_About this exercise_
Exclude images, then output the remaining data verbatim.

_Given data_

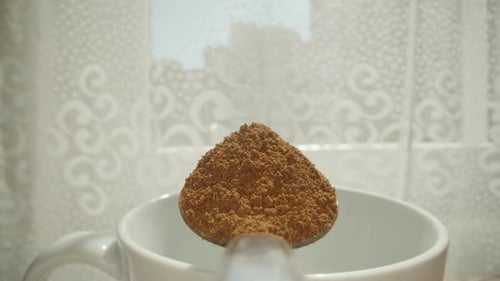 I put the mug down and pour instant coffee into it with a spoon. Dolly slider extreme close-up.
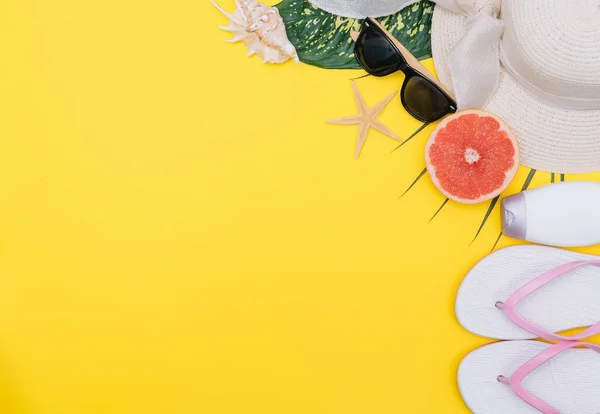 Beach flat lay accessories. Sun hat, towel, camera, cream, swimsuit, slippers, sunscreen bottle, exotic fruits, and seashells on a yellow background. Summer travel holiday concept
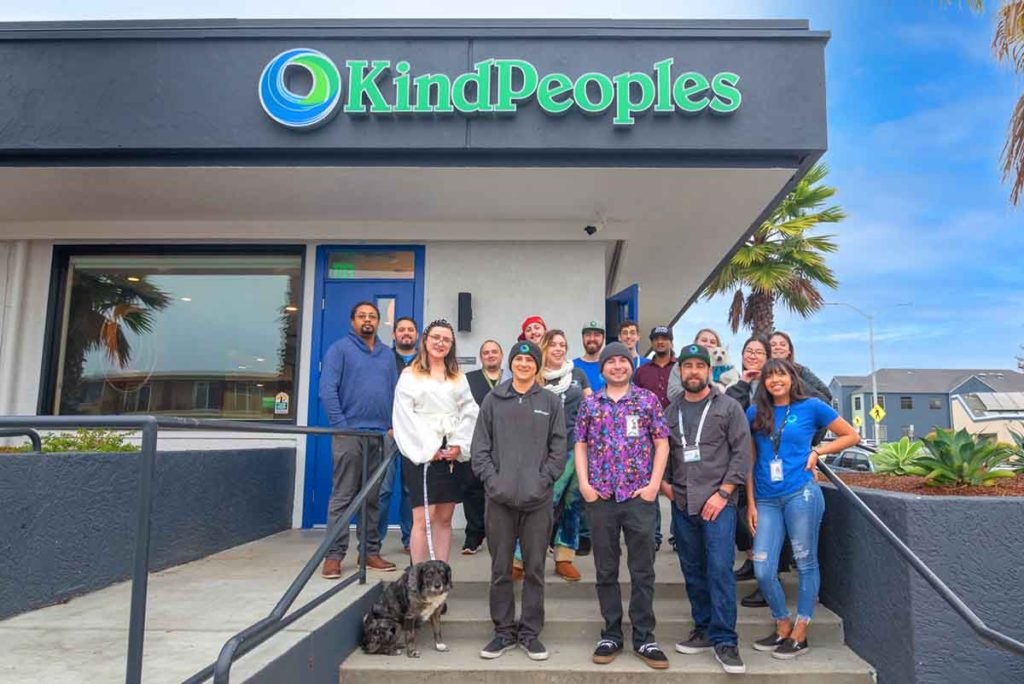 A group of smiling cannabis dispensary staff standing on the steps of the cannabis dispensary on a bright sunny day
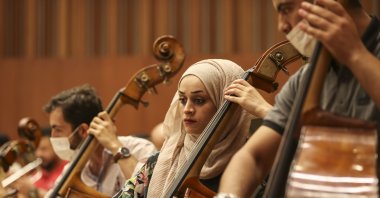 The Palestinian Youth Orchestra, which came to Turkey upon the invitation of first lady Emine Erdoğan, and the symbol of the Palestinian resistance, Mariam Afifi (C), will perform at the Presidential Symphony Orchestra (CSO) on July 19 in the "Palestine-Turkey Peace Concert," Ankara, Turkey, July 16, 2022. (AA Photo)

_Task response_
 I put the mug down and pour instant coffee into it with a spoon. Dolly slider extreme close-up.
 Beach flat lay accessories. Sun hat, towel, camera, cream, swimsuit, slippers, sunscreen bottle, exotic fruits, and seashells on a yellow background. Summer travel holiday concept
 A group of smiling cannabis dispensary staff standing on the steps of the cannabis dispensary on a bright sunny day
 The Palestinian Youth Orchestra, which came to Turkey upon the invitation of first lady Emine Erdoğan, and the symbol of the Palestinian resistance, Mariam Afifi (C), will perform at the Presidential Symphony Orchestra (CSO) on July 19 in the "Palestine-Turkey Peace Concert," Ankara, Turkey, July 16, 2022. (AA Photo)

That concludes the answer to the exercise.